Tuesday, February 17, 2009

Ouch, got me right on the nerve

The MomLogic website is not one I tend to waste a whole lot of time on. I find their “reporting” to be more like the nastier version of gossip, with loving attention slathered over people who are, you know, “just sayin’ it like it is”…a phrase which here means, “flinging soupy dung all over other people.”

I’m also not all that passionate about which movie star is having babies with what other movie star. I have enough trouble keeping track of my friends and family on that front, I hardly need to add keeping up with some ditzy bleached-blonde debutante’s sins to my day.

But someone pointed out a link to me today, and I followed the link, and man.

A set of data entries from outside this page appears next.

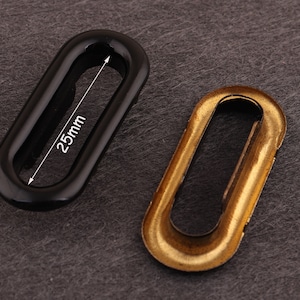 Puede incluir: Dos ojales ovalados, uno negro y otro dorado. El ojal negro tiene una abertura de 25 mm de diámetro.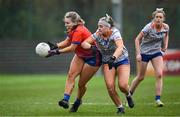 9 March 2024; Liz McGrath of MICL in action against Mia McDonald of ATU Sligo during the 2024 Ladies HEC Moynihan Cup final match between Atlantic Technological University Sligo and Mary Immaculate College Limerick at MTU Cork. Photo by Brendan Moran/Sportsfile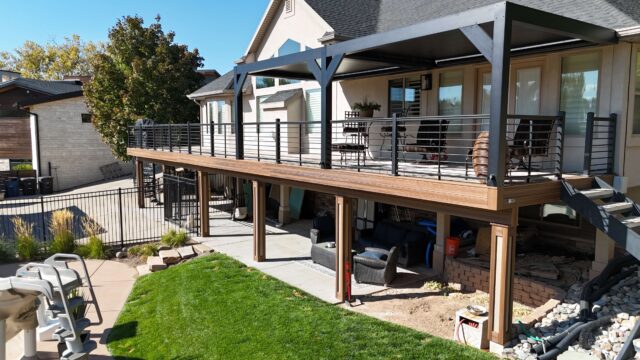 photo of elevated deck with Envision Deck Railing made of aluminum with pergola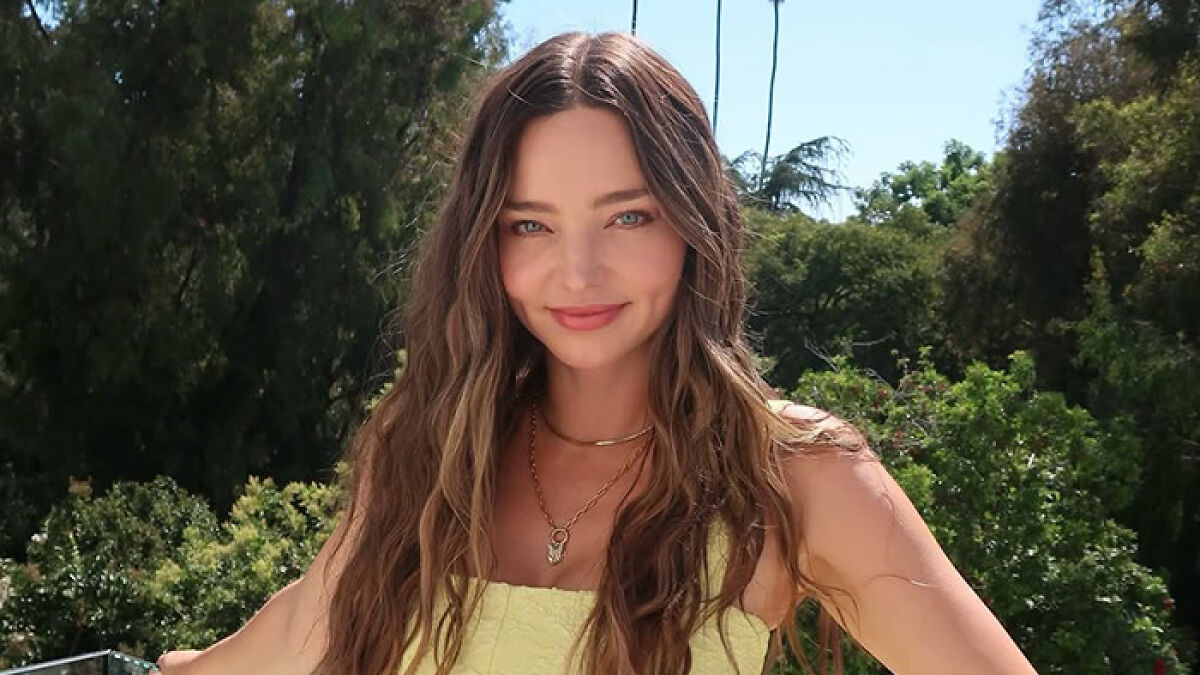 Miranda Kerr outdoors smiling with long wavy hair and wearing a yellow dress, related to Orlando Bloom breakup news.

Ouch.

Nothing but fast food and child harnesses for the Octomom's kids! features a snark about one of her children wearing a safety harness, and herself clutching a bag of fast food.

The octuplets' grandpa was snapped carrying one of Nadya Suleman's kids, who was wearing a harness. With 14, she'll probably have them ALL on leashes soon enough. Later, the paps caught Octomom after a fast-food run. Good to know she's concerned with providing a healthy diet for her kids!

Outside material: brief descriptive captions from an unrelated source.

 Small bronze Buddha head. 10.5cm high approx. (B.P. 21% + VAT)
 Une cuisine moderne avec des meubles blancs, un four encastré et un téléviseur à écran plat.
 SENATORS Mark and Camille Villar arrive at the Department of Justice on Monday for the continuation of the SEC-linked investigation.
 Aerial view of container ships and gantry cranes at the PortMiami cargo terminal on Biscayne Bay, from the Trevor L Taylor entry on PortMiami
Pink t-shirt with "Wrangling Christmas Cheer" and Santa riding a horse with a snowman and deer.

Dudes. Quick question: How often in the last, say, month, have you gotten a quick bite from a fast food place on your way to and from something? Please. Not only does one stop at a fast food place not make fast food junkies of the whole family…even if she was feeding them mostly fast food, she is hardly alone on that. It is a terrible sin that pervades even the most comfortable of nuclear families.

But that’s not actually the part that stung me personally.

Yup. It was the harness thing. I look at that harness and you know what I see?

I see something I really wish I had.

Captain Adventure has outgrown his buddy harness (the kind with the cute fluffy animal ‘backpack’), and besides, he can unsnap it faster than I can. I need something beefier, like what her kid is wearing in that photo.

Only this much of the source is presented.